A rider to a life insurance contract would not be an insurance contract that provides only coverage of qualified long-term care services and may or may not qualify under the other items that have to be true of qualified long term care contracts for tax purposes.
Please ask if you need more information or discussion.
Thought it might be important or useful for you to know that although the extra premium for the long term care rider is not deductible any payments to you under that provision will not be taxable to you.
"Tax Favored LTC Riders Allowed on Life and Annuity Contracts.
Section 844 of the Pension Protection Act of 2006 (PPA 2006), effective after 2009, will allow for life insurance and annuity contracts to carry a long-term care insurance rider on a tax-favored basis. Under the new Code Section 7702B(e)(1), such riders will be treated for tax purposes as a separate contract.

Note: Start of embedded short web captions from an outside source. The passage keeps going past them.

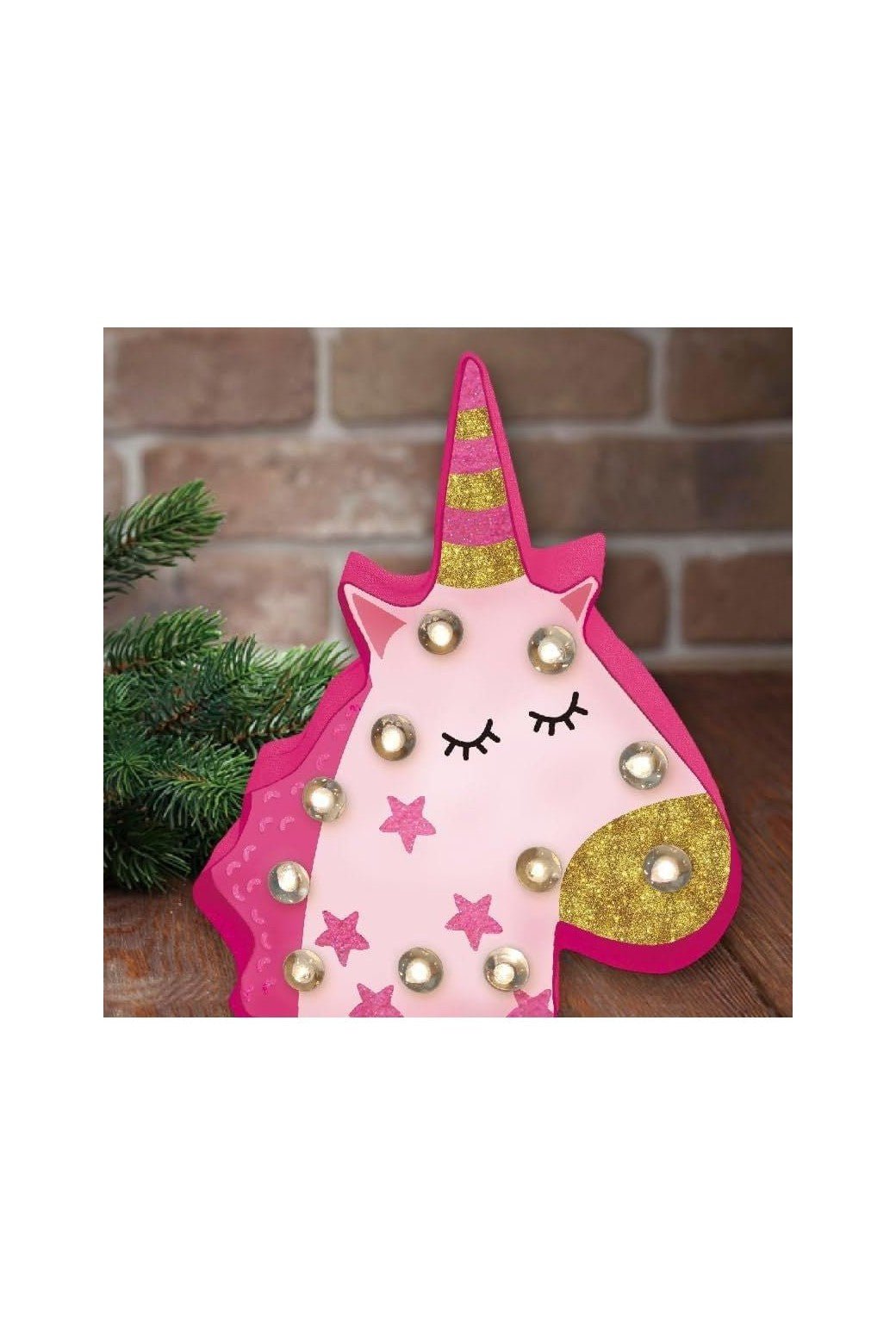 Sew Star - Decorate Your Own String Lights LED Kit - Unicorn - Marah Kids
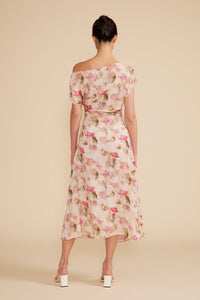 Arta Floral Gathered Maxi Dress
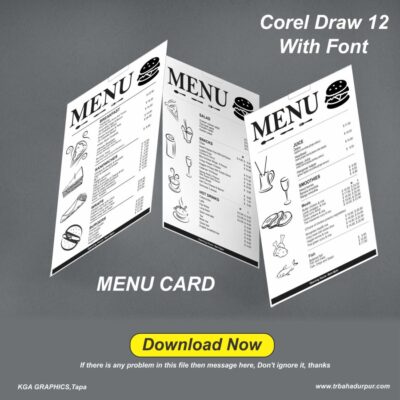 menu card new design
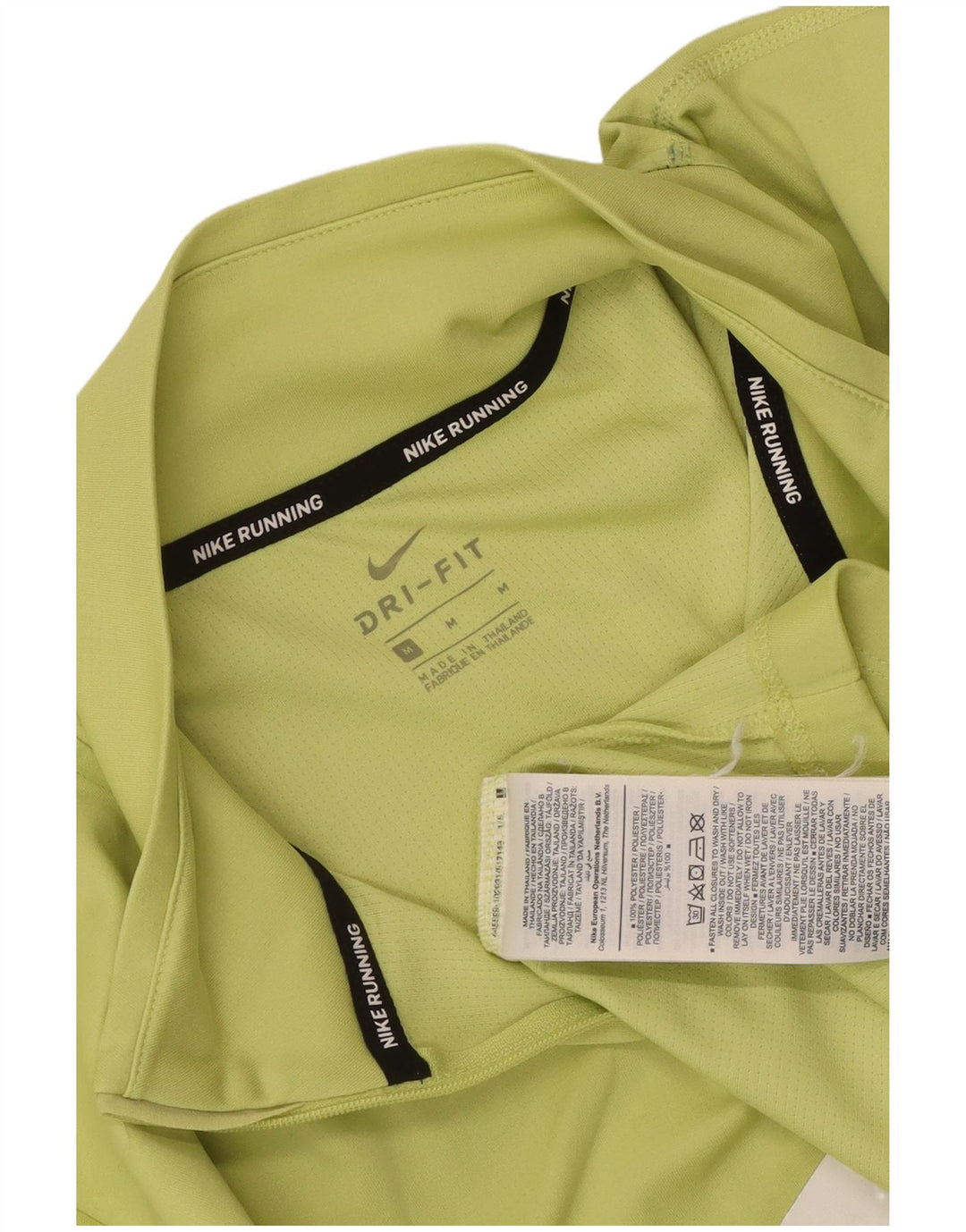 Nike Dame Dri Fit Grafisk Pullover Træningsdragt Top UK 14 Medium Grøn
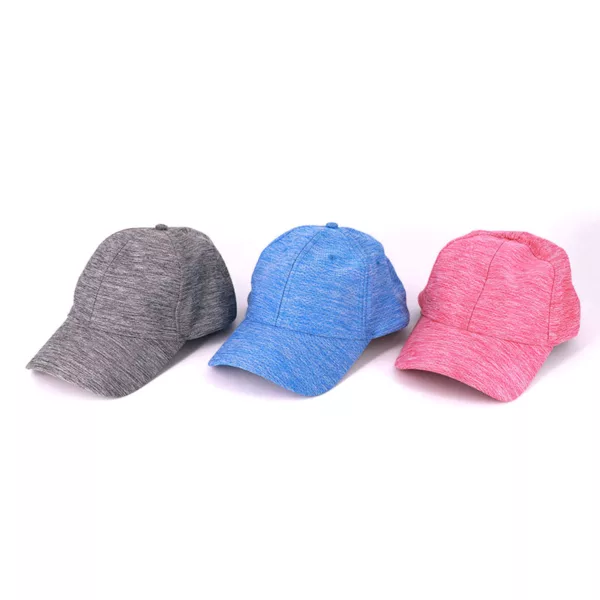 Solid Color Mesh Baseball Cap Quick Drying Breathable Hat Sun Protection Hat Adjustable Tennis Golf Fishing Cap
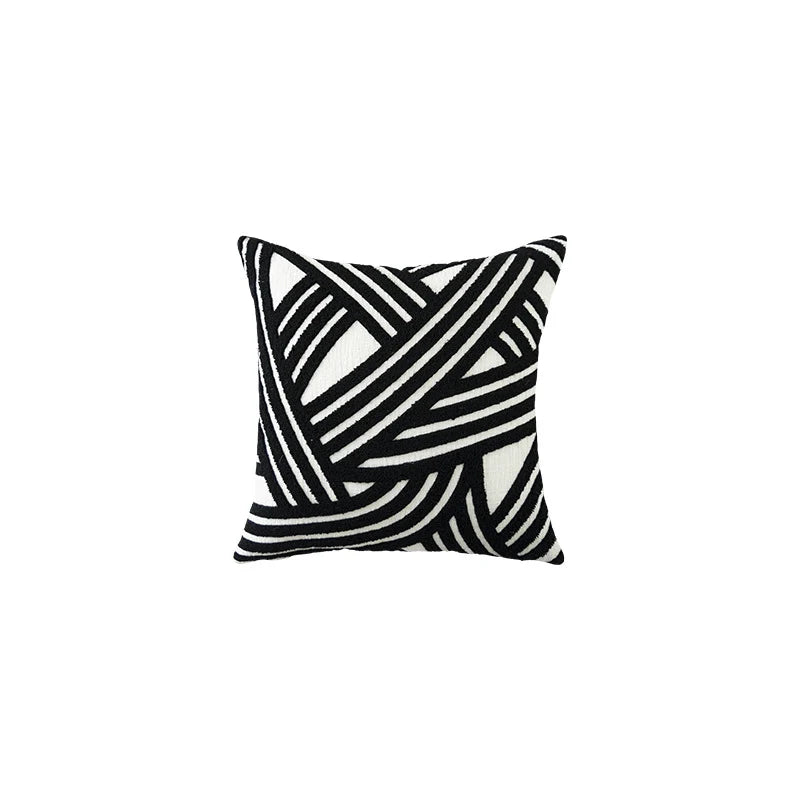 Decorative Cushion Cover Tufted Chenille Concealed Zipper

This allows the general Code Section 7702B(b) tax-favored treatment of qualified long-term care insurance policies to apply - even though the coverage is actually in the form of a rider on another and different type of policy.
Deduction Denied: Under the new Code Section 7702B(e)(2), any payments for long-term care insurance deducted under a life insurance or annuity contract will be denied an IRC Section 213(a) medical expense deduction for premiums paid."